Factors and Multiples

Factors and multiples are fully restricted in the set of natural numbers. That means any number other than a natural number can't be the factor or multiple of any number.

Factors

If y is a factor of x, where x and y are natural numbers, then; `x/y = k`, k should be natural number.

Multiple

If x is a multiple of y, where x and y are natural numbers, then; `x/y = k`, k should be natural number.

In general, if `a` and `b` are any two natural numbers and `a/b` is a natural number, then
`-> a` is a multiple of `b`
`-> b` is a factor of `a`

Divisibility

If `x` is divisible by `y`, where `x` and `y` are any two integers (either positive or negative) and `y != 0`, then; `x/y = k`, where `k` is any integer.

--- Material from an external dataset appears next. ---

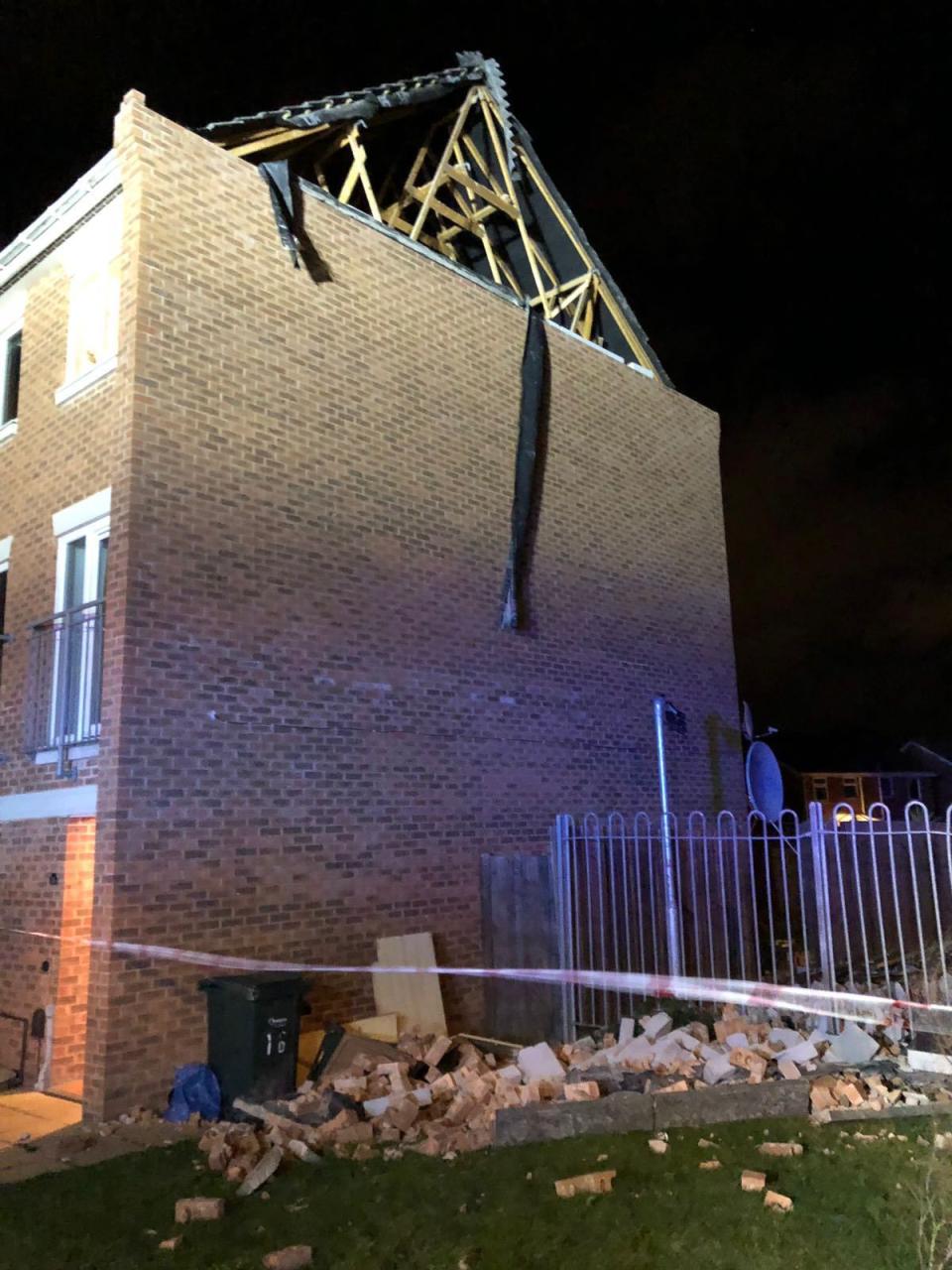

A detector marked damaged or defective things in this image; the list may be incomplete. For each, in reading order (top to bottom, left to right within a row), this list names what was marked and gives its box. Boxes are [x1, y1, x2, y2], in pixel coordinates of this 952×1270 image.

damaged brick wall [85, 94, 746, 1119]
torn roofing felt [196, 51, 670, 387]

16 is a multiple of 4 but not a multiple of -4.
16 is divisible by both 4 and -4.
Note: 0 (zero) is divisible by all integers except '0'.

Important concepts on factors

Concept I: Factors of natural number

Let us consider a number 12. Factors of 12 are 1, 2, 3, 4, 6 and 12. There are 6 factors for 12.
Similarly factors of 30 are 1, 2, 3, 5, 6, 10, 15 and 30. There are 8 factors for 30.
Key points

  • All perfect squares have an odd number of factors
  • Perfect square of any prime number has exactly 3 factors
  • All non-perfect squares have even number of factors
  • Perfect numbers: If the sum of all factors (except that number itself) of a number is equal to the number itself is called a perfect number

Eg: Factors of 6 except 6 `->` 1, 2, 3
Sum of above factors = 1 + 2 + 3 = 6
28 and 496 are the other perfect numbers in the first 1000 natural numbers.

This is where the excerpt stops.